After the jubilation of being free from the confines of the van, a feeling of uneasiness washed over me as I tried to get a feel for the surroundings and wrap my mind around what I was doing here in the middle of nowhere, literally at the end of the road.
The bags were being unloaded from the van, and we were told to pick a spot for sleeping. We could sleep indoors or outdoors, our choice. I decided that the indoor option was preferable to me, so I headed in that direction with a few of my colleagues. We dropped our bags on the concrete floor of our new living quarters and there was a moment of silence as we all gazed upward realizing that our indoor option did not have a roof. I started to laugh but I
was alone. My fellow “indoor” colleagues were not amused, and it could have just been fatigue from the long rough ride, or it could have been that we weren’t informed of what to expect, except on the day before departure ,there was a post about being prepared for roughing it a little. I figured we were here now, so we might as well make the best of it, because heaven knows, we couldn’t walk our way back to, well anywhere.
We lugged our cots back to our sleeping quarters from the shed. It was mid-June so the temperature was hot during the day, but at night, it got cold. We were told to bring a summer weight sleeping bag, but they just weren’t warm enough. Luckily, there were a few heavy duty sleeping bags available for those of us that were not equipped to withstand the desert night. I tried to be brave and declined the use of the heavy sleeping bag when Meghan first offered it to me. Thankfully, she had more sense than me and she left the bag at the end of my cot, just in case.
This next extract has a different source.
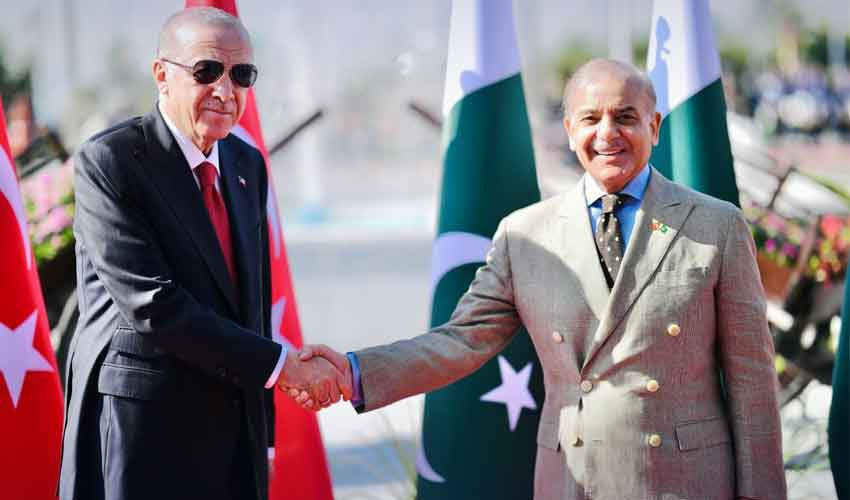 ایک دوسرے کےساتھ کھڑے رہیں گے‘ طیب ایردوان کا شہبازشریف کے ہمراہ پریس کانفرنس میں اعلان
I think a full 2 minutes went by before I was grabbing that bag and ducking inside teeth shivering. I had always wondered how someone froze to death in the desert when I watched old westerns, but I have a complete and
thorough understanding of it now.
As the night settled in, so began the sorrowful bellowing of the cattle that didn’t stop until the rooster crowed. Shivering in my borrowed bag, looking up at the stars on that clear desert night, I began to wonder what I had gotten myself into. And yet, there was a feeling of peace.